Or, “You’re angry right now because you want to keep playing, but it’s time to stop. I see your anger. But you don’t need to hit me—it hurts, and I won’t let you hit me. You can talk about your anger and feel it. I see you don’t want to stop playing, but those are the rules, and there’s nothing we can do. We have to leave, no matter how hard it is.”

Anger as a Path to Self-Understanding

Anger is a way to understand yourself, to feel your own importance and your own self. Anger is always a marker of something important. Usually, it’s a wrapper for deeper feelings and experiences. But if we don’t recognize our anger, it’s like throwing away boxes labeled “anger” without ever knowing what’s inside. And often, those boxes contain treasures called “my values.” By allowing ourselves to feel and experience anger, we can unwrap these boxes and discover what’s inside.

Healthy Ways to Experience Anger

Experiencing anger does not mean hitting someone, insulting them, or destroying everything around you. Experiencing anger means staying in touch with the feeling and giving it space for as long as needed, while taking care of your own safety and the safety of those around you.

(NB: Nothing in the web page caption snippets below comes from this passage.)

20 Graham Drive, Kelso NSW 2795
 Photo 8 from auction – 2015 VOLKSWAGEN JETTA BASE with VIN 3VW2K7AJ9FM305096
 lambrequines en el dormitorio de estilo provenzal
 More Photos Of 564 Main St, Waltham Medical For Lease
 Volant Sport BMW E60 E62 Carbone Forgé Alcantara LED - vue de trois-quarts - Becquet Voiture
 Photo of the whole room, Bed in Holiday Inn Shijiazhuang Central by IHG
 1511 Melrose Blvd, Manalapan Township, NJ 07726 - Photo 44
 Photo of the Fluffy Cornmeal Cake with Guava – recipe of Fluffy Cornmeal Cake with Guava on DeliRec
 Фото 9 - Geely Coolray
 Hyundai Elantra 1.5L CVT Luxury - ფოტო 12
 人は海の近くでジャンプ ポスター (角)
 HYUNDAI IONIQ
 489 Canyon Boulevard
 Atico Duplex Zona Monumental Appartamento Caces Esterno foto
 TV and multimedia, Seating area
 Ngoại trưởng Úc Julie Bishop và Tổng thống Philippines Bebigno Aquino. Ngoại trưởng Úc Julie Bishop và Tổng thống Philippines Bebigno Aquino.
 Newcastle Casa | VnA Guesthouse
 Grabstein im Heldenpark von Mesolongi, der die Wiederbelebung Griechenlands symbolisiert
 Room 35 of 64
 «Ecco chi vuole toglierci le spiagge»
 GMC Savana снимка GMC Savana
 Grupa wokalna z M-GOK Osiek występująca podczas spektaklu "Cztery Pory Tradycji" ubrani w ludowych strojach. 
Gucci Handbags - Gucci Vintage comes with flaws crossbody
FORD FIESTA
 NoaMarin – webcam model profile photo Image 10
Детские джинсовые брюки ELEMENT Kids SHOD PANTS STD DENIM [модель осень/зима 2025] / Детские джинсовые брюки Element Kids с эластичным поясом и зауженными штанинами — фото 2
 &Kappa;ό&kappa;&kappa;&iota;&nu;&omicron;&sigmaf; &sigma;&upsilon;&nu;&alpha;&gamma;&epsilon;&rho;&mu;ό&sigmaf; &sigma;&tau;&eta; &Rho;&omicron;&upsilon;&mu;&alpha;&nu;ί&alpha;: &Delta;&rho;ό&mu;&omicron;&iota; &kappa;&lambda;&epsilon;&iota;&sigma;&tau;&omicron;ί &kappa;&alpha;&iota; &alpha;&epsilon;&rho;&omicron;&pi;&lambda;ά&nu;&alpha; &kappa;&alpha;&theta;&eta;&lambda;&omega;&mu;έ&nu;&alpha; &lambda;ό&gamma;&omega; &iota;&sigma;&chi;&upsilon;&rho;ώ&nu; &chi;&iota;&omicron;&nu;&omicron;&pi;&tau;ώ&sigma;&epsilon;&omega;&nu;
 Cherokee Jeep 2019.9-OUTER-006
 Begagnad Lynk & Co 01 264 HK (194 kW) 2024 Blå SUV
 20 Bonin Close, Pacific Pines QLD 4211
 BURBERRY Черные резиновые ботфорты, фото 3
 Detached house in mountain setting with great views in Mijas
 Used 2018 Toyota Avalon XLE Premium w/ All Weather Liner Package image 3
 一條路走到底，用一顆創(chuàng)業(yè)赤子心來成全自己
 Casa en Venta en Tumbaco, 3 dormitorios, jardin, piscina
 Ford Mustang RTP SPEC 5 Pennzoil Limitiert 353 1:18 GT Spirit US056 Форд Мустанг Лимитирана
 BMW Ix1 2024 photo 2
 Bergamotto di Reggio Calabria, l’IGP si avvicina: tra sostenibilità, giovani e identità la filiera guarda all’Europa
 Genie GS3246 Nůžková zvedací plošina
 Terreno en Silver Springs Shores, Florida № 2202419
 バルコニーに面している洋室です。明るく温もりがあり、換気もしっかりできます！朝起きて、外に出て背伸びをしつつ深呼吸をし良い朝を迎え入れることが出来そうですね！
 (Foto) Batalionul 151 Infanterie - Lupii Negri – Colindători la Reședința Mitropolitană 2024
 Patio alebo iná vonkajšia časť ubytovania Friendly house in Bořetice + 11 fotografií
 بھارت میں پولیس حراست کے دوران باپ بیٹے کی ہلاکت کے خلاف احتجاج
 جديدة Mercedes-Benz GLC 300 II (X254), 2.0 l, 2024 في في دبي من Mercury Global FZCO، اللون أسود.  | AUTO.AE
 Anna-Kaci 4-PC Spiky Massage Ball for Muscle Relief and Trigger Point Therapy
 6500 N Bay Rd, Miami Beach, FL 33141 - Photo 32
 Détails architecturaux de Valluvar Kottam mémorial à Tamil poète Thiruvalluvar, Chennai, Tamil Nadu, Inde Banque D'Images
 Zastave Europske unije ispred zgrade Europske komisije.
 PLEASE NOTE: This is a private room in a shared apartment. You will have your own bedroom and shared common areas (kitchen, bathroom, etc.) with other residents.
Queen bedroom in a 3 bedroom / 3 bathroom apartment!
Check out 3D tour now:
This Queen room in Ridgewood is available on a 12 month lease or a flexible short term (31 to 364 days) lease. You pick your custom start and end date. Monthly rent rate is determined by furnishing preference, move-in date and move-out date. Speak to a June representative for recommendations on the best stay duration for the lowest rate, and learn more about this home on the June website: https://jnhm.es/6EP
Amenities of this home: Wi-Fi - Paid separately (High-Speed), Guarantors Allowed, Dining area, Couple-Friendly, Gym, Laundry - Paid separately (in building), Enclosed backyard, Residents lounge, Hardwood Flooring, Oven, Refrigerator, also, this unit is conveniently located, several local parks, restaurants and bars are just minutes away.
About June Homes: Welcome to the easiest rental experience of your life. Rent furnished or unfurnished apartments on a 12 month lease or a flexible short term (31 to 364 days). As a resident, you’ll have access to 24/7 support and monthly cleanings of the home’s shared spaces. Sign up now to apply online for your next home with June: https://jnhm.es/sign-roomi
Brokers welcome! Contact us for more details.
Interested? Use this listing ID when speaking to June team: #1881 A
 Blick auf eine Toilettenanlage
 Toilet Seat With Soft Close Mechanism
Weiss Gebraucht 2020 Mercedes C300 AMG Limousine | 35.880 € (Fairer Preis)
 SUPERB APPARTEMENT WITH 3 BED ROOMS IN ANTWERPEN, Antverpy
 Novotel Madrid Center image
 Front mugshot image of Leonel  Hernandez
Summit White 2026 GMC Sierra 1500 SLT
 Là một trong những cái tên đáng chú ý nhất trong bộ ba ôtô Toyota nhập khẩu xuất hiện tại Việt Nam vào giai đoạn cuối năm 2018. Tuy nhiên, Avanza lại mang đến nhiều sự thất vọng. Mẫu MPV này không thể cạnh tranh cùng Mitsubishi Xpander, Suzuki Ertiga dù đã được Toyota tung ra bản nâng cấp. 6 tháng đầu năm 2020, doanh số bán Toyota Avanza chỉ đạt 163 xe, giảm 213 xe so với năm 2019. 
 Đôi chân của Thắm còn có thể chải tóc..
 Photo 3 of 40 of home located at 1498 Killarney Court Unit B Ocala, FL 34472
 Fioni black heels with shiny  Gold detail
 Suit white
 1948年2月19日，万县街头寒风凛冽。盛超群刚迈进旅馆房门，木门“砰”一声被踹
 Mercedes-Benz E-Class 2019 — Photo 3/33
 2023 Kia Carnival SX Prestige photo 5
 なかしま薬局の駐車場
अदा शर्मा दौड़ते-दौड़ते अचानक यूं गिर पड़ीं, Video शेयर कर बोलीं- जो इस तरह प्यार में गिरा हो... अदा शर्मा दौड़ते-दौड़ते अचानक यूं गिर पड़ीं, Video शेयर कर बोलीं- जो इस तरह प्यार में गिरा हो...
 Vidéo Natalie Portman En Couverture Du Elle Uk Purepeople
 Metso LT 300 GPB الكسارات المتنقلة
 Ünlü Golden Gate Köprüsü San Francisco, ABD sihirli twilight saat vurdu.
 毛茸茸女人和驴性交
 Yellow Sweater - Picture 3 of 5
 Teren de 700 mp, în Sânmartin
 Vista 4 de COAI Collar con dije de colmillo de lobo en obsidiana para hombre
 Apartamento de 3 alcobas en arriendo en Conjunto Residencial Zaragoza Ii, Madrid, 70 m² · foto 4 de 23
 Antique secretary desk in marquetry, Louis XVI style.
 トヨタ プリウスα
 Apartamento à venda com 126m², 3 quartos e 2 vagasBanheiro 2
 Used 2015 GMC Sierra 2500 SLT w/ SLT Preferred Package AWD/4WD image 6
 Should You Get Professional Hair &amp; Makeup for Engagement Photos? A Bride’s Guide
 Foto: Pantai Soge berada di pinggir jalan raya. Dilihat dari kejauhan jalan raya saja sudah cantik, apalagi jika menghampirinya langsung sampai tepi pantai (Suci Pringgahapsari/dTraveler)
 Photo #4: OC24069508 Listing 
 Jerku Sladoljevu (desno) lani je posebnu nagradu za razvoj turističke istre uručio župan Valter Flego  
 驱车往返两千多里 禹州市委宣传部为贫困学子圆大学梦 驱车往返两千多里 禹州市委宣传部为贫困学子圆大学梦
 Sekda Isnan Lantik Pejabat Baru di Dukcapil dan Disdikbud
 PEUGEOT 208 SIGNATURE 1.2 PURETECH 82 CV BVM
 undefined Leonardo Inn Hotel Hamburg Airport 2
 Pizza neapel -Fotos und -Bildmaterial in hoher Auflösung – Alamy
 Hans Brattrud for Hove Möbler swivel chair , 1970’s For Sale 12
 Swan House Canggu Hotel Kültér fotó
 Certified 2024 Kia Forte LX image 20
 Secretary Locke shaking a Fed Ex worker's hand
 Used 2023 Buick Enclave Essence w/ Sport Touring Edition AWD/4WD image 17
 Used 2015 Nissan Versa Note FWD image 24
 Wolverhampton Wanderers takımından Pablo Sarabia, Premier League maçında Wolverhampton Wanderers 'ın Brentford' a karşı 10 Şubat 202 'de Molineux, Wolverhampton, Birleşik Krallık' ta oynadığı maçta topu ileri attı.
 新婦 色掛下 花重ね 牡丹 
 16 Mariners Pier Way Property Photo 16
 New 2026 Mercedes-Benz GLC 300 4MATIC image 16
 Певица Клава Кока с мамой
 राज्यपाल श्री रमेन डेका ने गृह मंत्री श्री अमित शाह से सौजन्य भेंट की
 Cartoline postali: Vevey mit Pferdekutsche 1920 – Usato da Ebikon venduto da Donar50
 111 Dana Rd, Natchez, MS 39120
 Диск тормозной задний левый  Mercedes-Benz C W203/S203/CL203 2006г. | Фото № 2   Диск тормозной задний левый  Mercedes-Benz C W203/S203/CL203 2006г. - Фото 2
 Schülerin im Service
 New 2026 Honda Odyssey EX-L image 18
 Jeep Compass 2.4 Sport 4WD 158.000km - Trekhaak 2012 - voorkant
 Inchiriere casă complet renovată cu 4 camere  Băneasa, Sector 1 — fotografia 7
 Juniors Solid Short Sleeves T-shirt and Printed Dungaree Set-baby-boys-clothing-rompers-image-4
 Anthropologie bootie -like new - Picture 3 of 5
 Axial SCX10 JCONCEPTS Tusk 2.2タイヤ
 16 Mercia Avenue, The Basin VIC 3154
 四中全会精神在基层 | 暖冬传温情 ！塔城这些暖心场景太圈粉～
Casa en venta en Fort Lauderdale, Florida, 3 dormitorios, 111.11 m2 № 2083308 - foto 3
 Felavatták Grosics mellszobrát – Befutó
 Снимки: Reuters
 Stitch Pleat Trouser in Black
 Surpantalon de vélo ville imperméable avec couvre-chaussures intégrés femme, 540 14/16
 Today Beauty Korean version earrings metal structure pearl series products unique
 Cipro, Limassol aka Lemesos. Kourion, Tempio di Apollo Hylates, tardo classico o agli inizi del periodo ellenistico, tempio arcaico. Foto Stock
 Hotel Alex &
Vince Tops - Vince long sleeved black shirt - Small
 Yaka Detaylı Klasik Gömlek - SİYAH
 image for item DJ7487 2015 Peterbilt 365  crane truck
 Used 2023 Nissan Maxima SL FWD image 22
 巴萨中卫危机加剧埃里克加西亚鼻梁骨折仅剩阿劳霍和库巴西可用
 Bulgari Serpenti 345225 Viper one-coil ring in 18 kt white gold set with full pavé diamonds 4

Insulting someone and stating, “I’m angry when you do this,” or “I’m angry at you right now and will continue the conversation when I calm down,” are completely different things. In the first case (insults), you’re overwhelmed by excitement and may do things you’ll regret once you “sober up” from your anger. In the second case, you clearly state your feelings and give yourself space for your anger to transform into something else—like realizing the value of not allowing yourself to be insulted, or feeling regret that things didn’t turn out as you wanted, or recognizing the value of your relationship with that person, or even realizing that beneath your anger lies your own fear or vulnerability.

Anger as a Loyal Guardian

Anger is like a loyal dog, always guarding the safety and values of its owner. The important thing is to tame and befriend this dog.

P.S. And by the way, where anger is suppressed, it creates fertile ground for codependent relationships.